Unfortunately it doesn't seem so. I would imagine that since LR is non-destructive, it has to create a new file in order to be able to package up the original image with all the edits to sent it to any outside program and I doubt NEF or RAW files could be altered to contain the edits in a way where another program could usefully extract them. So in the end, converting the files to a universal format is probably a must for any back and forth with another program.


----------



## dennybeall (Aug 29, 2016)

If you have gone through your photos and trashed the ones not worth keeping then the ones that are left deserve to be stored in a lossless format so you have the ability to do anything you want with them later. I personally save originals in tiff with layers intact.
Storage is just too cheap to not retain all there is to retain.


----------



## john.margetts (Aug 29, 2016)

crimbfighter said:


> john.margetts said:
> 
> 
> > Cannot LR send the file to PS without saving to disc first?
> ...


it is certainly possible. I am a Linux user and use UFRaw as a RAW converter and that will send the converted RAW file to Gimp without saving anything to disc. I then get the option in Gimp to save the file for the first time in any format I want.


----------



## donny1963 (Aug 30, 2016)

crimbfighter said:


> Ysarex said:
> 
> 
> > donny1963 said:
> ...


I never said to do post with Jpeg's   RAw gives you more room for adjustments, that is what i was trying to get accross..


----------



## greatchimney (Oct 17, 2016)

They have a good tut here if you want to follow it.
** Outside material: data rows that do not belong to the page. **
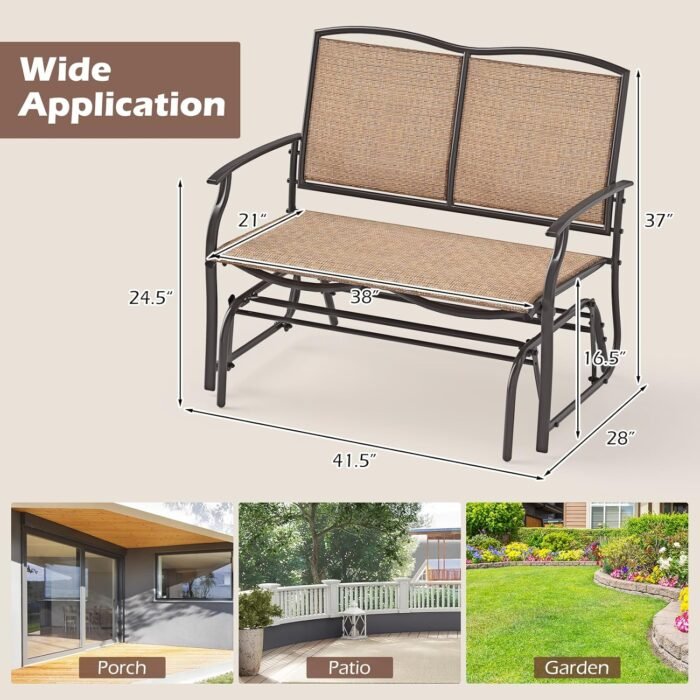 Giantex Patio Glider, 2-Person Outdoor Rocking Chair with Metal Frame and Breathable Fabric, Load 400 Lbs, Heavy-Duty Swing Bench, Loveseat, Outside Rocker for Porch, Garden and Backyard (Brown) - Image 3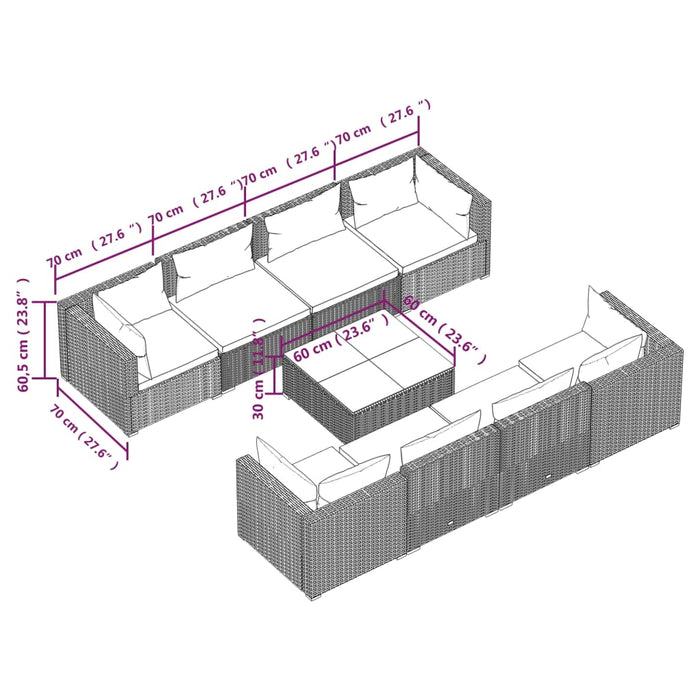 Set Divani da Giardino 9 pz con Cuscini in Polyrattan Marrone cod mxl 40818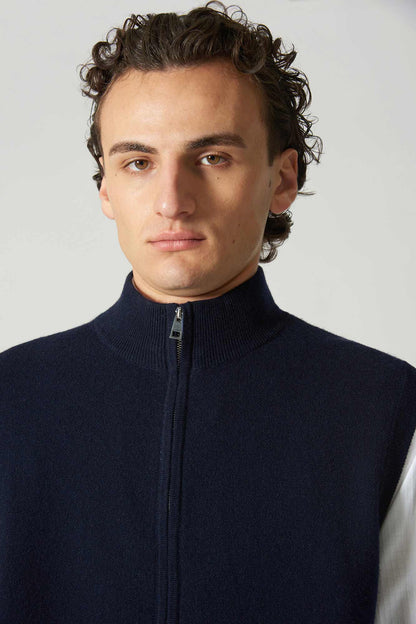 Gilet con Zip in Puro Cashmere Navy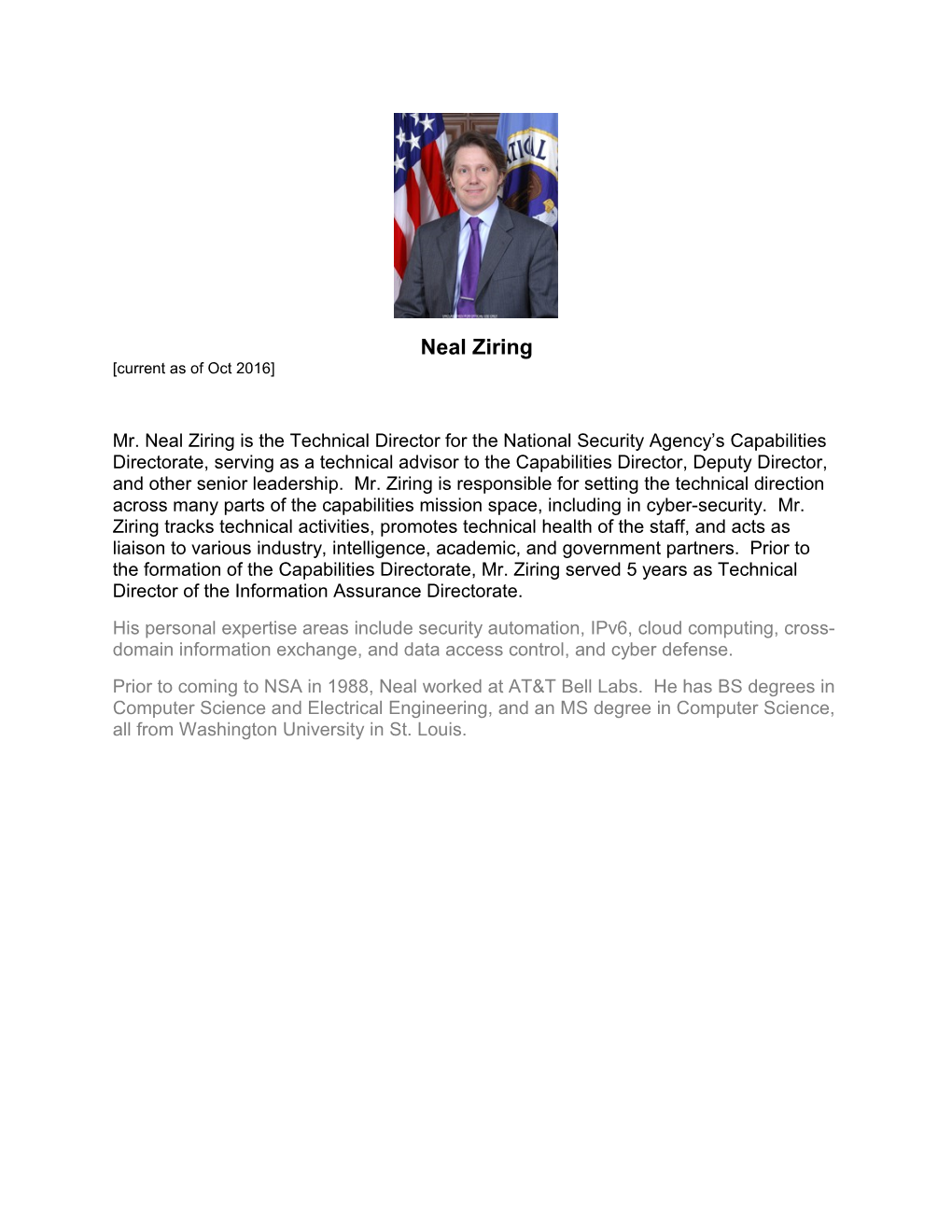 Neal Ziring Very Short Bio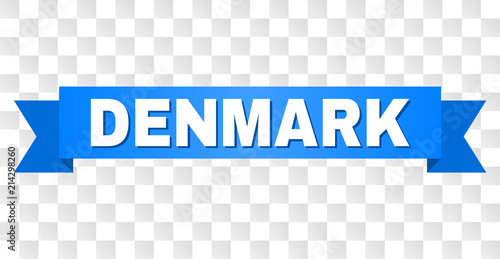 DENMARK text on a ribbon. Designed with white title and blue stripe. Vector banner with DENMARK tag on a transparent background.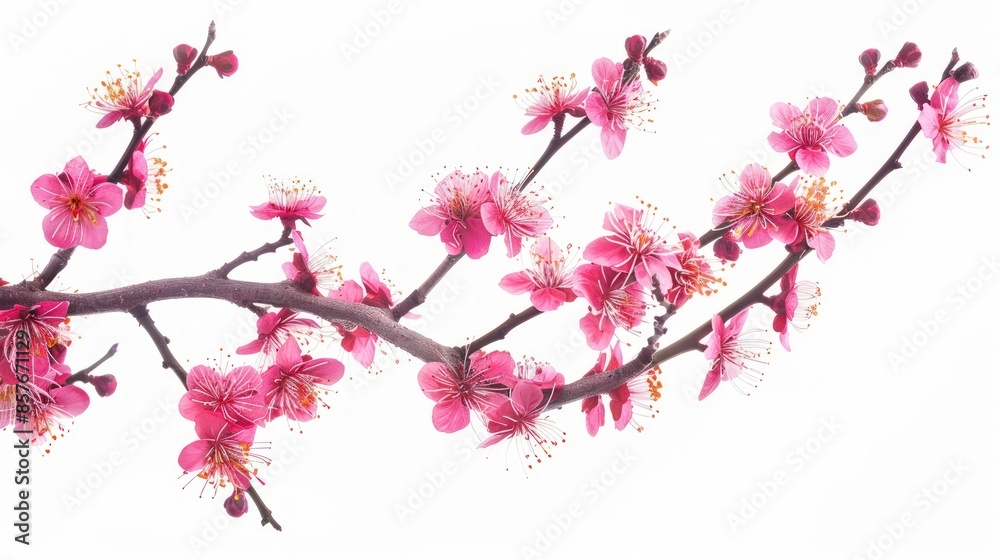 Naklejka premium A white background with a pink tree branch with pink flowers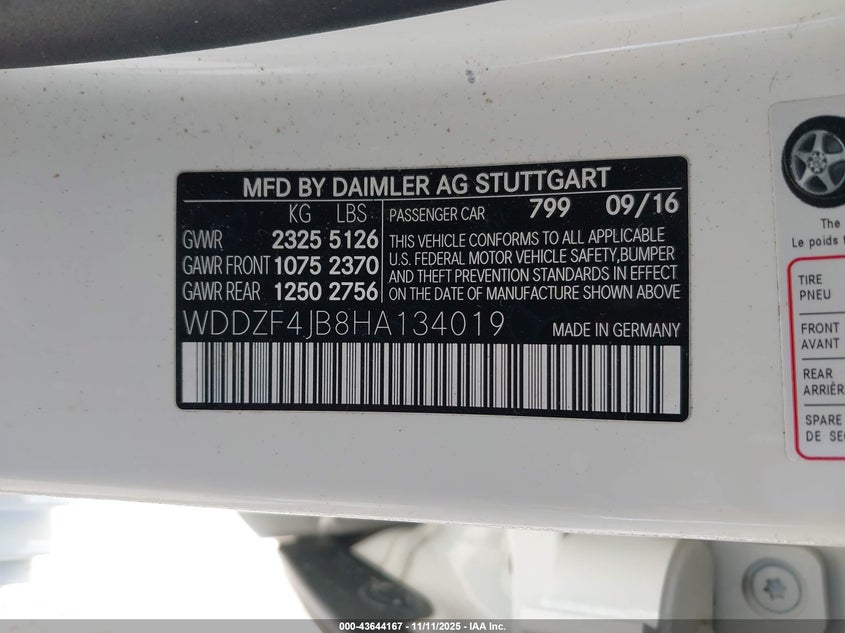 2017 MERCEDES-BENZ E 300 WDDZF4JB8HA134019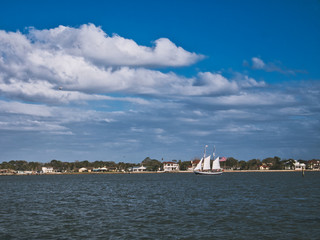 Sailship moving along in the windy bay of St. Augustine, FL.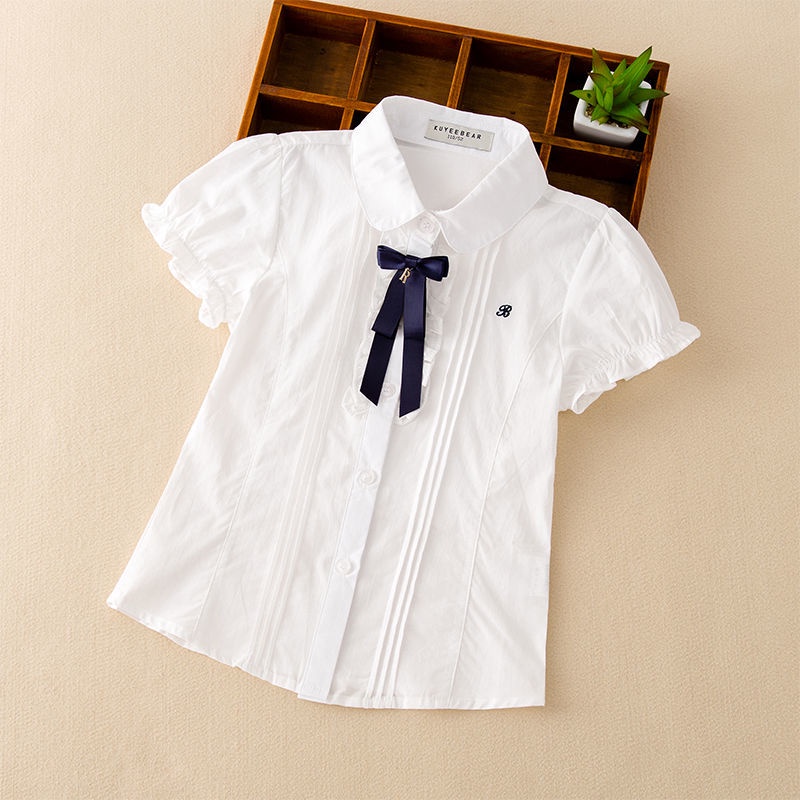 เสื้อเชิ้ตแขนสั้น-สีขาว-แฟชั่นฤดูร้อน-สไตล์เกาหลี-ตะวันตก-สําหรับเด็กผู้หญิง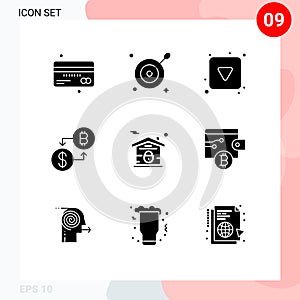 Modern Set of 9 Solid Glyphs Pictograph of house, payment, play button, money, currency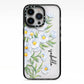 Personalised Daisy Flower iPhone 13 Pro Black Impact Case on Silver phone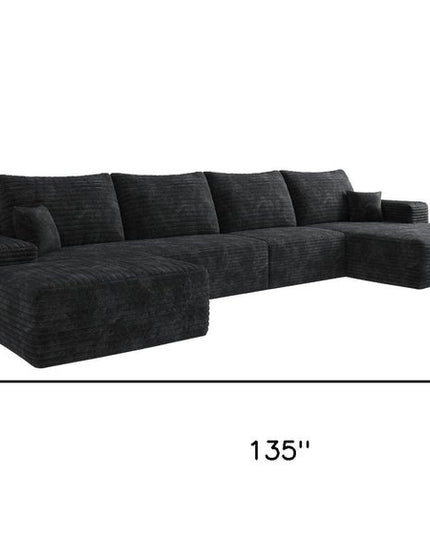 135" Black Corduroy Modular Compression Foam Sofa With Ottoman And Toss Pillows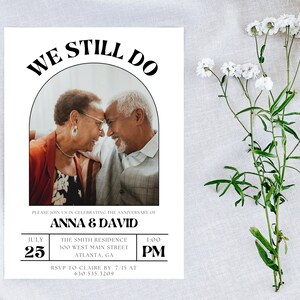 50th Anniversary Invitation | Gold Wedding Anniversary | Vow Renewal | We Still do Invite |  Editable | Modern
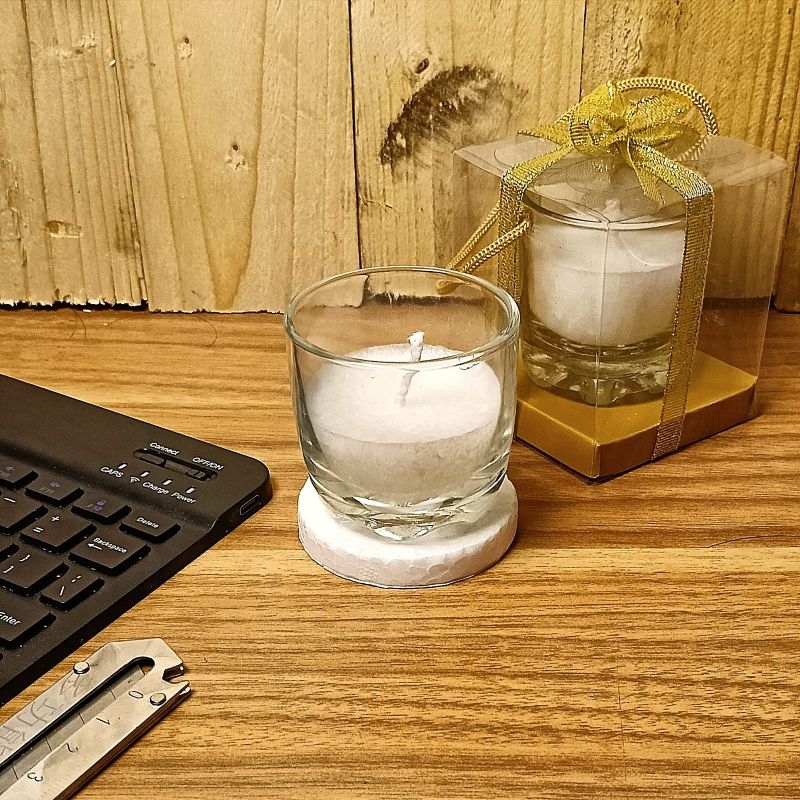 SOUVENIR GELAS LILIN AROMA TERAPI GRATIS CUSTOM NAMA LOGO DAN KEMAS MIKA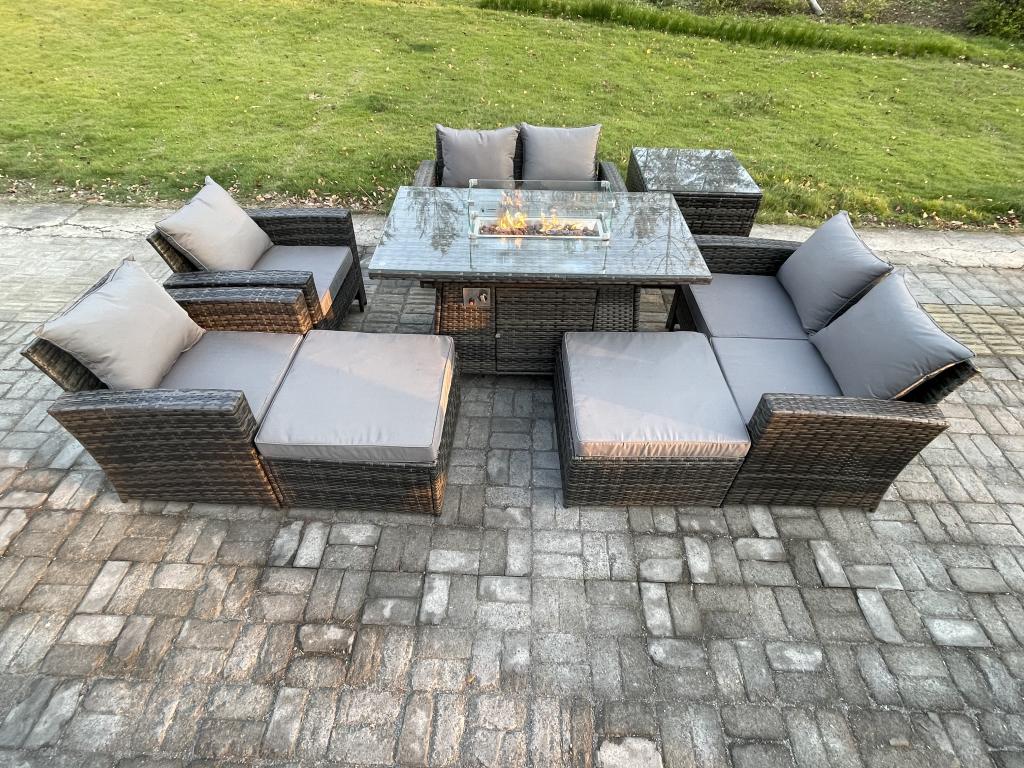 8-Piece Rattan Garden Furniture Set, Poly Rattan Furniture, Gas Fireplace, Dining Table, Sofa Set HWLJ08426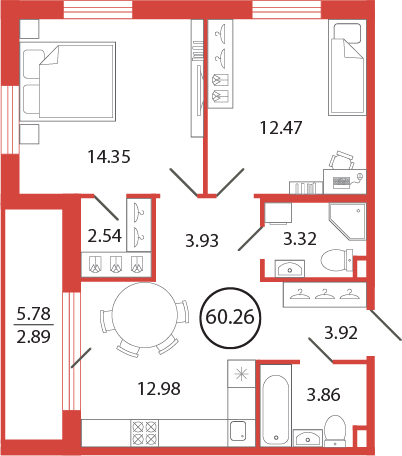 2-комнатная квартира, 60.26 м² - планировка, фото №1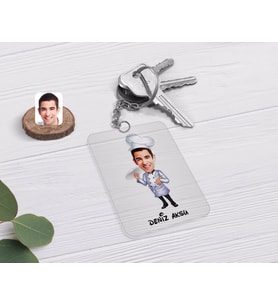 BK Gift Kişiye Özel Erkek Chef Karikatürlü Şeffaf Pleksi Anahtarlık-5 (Beyaz)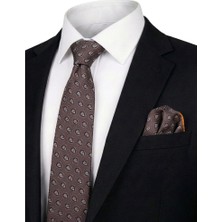 Bursa İpek Kahverengi Desenli Ipek Kravat Takımı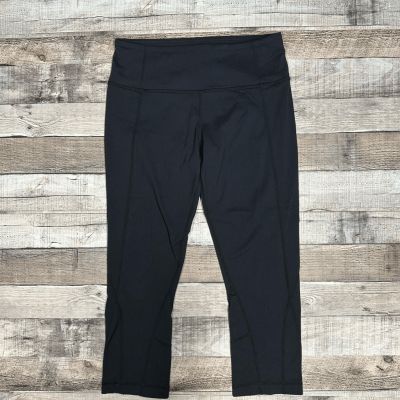 Size 6 Lululemon Black 21” Inseam Nylon Lycra Yoga Workout Run Cropped Leggings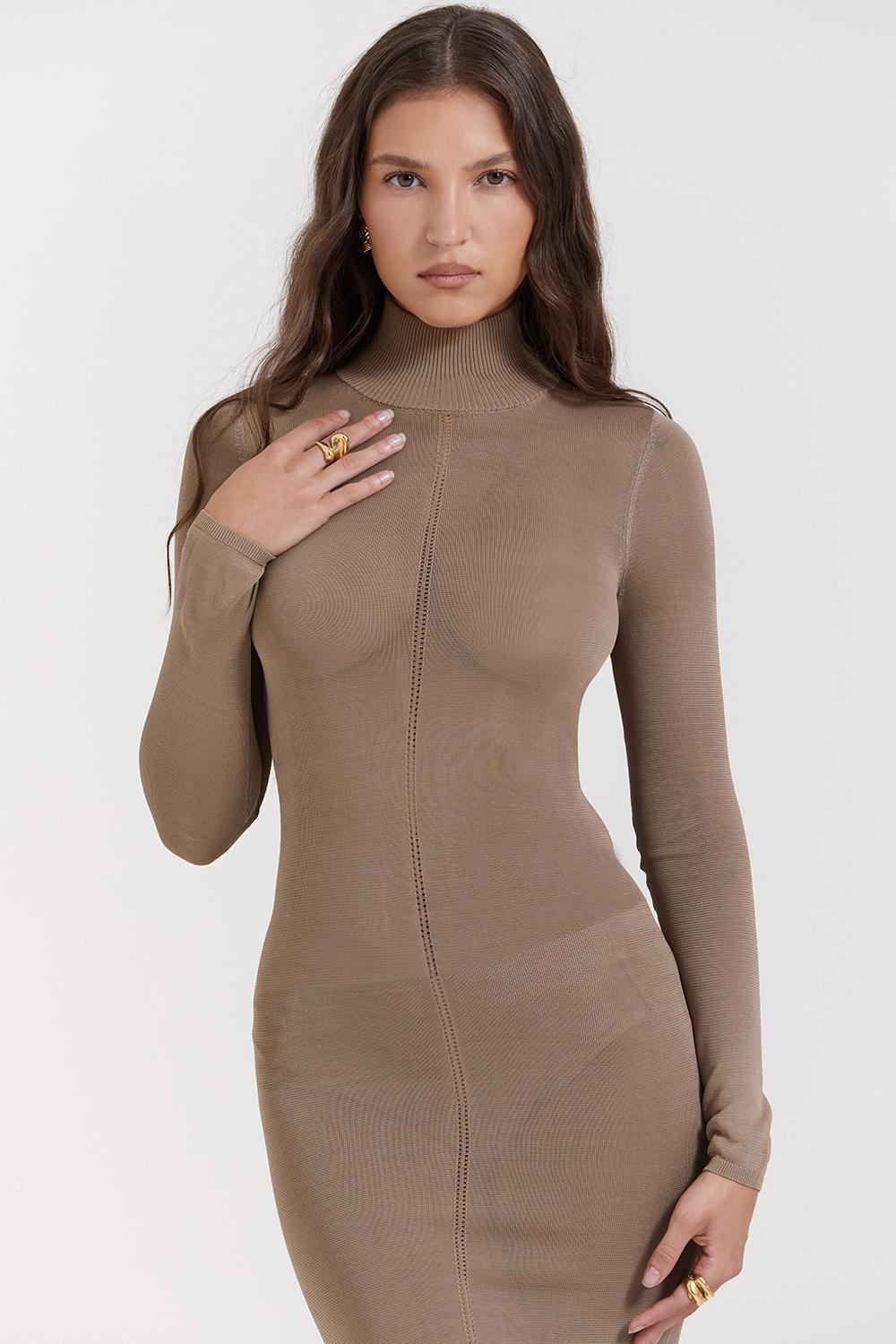 Roberta Tan Knit Midi Dress Product Image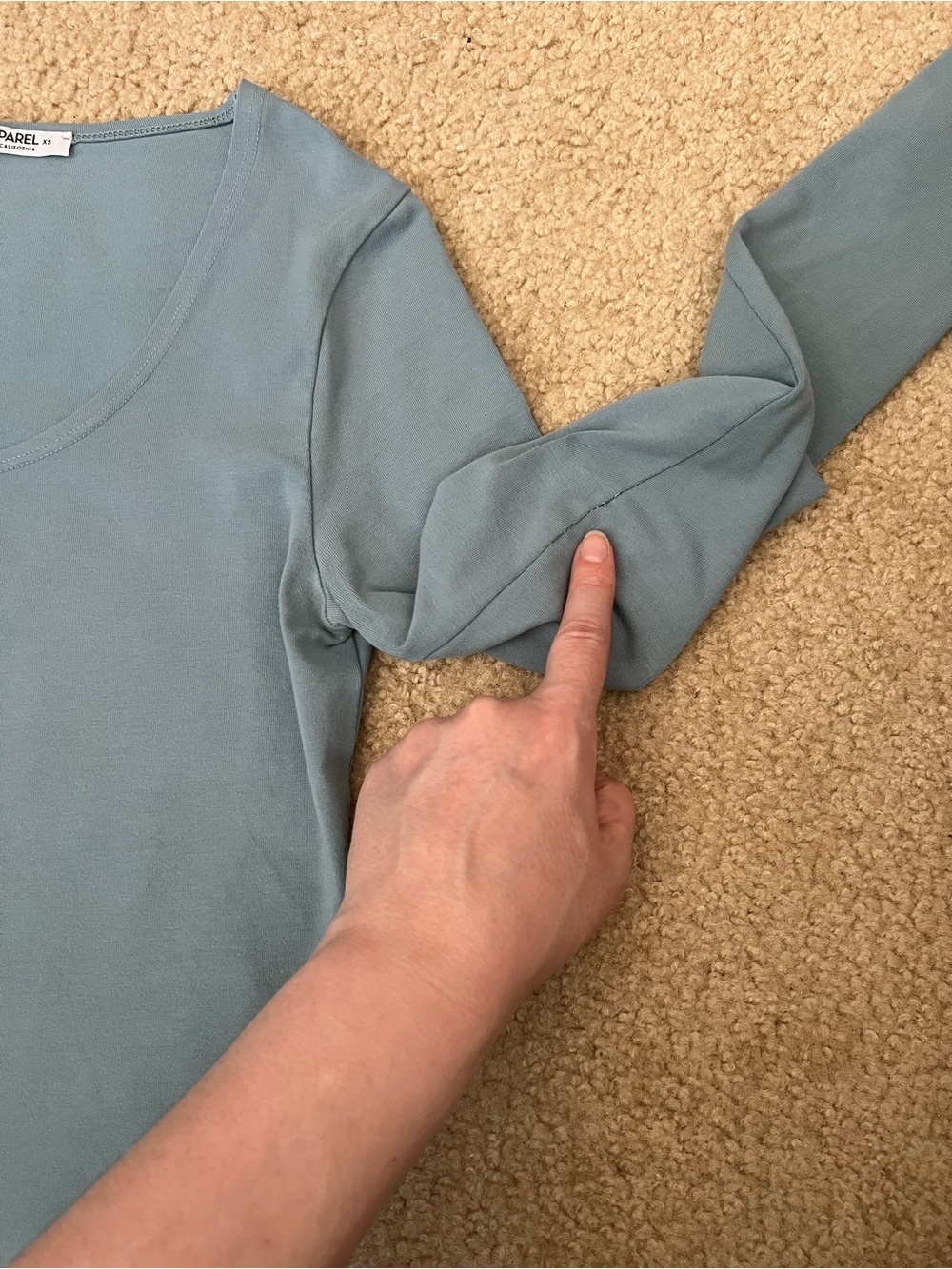 Groceries Apparel Organic Cotton Crop Top Slate Blue Sustainable Athleisure XS - Picture 9 of 9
How to jump from Lightroom to Photoshop (and back again) - Laughing Lion Design - Learn Photoshop & Lightroom


----------



## Scatterbrained (Oct 17, 2016)

donny1963 said:


> crimbfighter said:
> 
> 
> > Ysarex said:
> ...


Reading your post would imply that you are saying someone should export jpegs from Lr for editing in Ps.  That's just not good advice.  Also, TIFF files are only 16bit, unless you're dealing with HDR TIFF files which can be 32bit.   Opening a jpeg in any sort of editing program and then saving it again will result in a loss of data, as the image data is re-compressed each time.  Beyond that the data simply isn't there anymore to work with in Ps, limiting you to smaller adjustments.   


As for how I work my images,  everything is saved to an external drive upon import.  I have external RAID enclosures that are connected via e-SATA connectors to my tower.   My Lr catalog doesn't retain the images, just the previews.   When I send to Ps it is sent as a TIFF.  When I save from Ps I save as a TIFF.    My uncropped TIFF files from the A7RII run right around 102MB per images.   A fair sized file for sure, but not too much to worry about really, given how inexpensive memory has become.


----------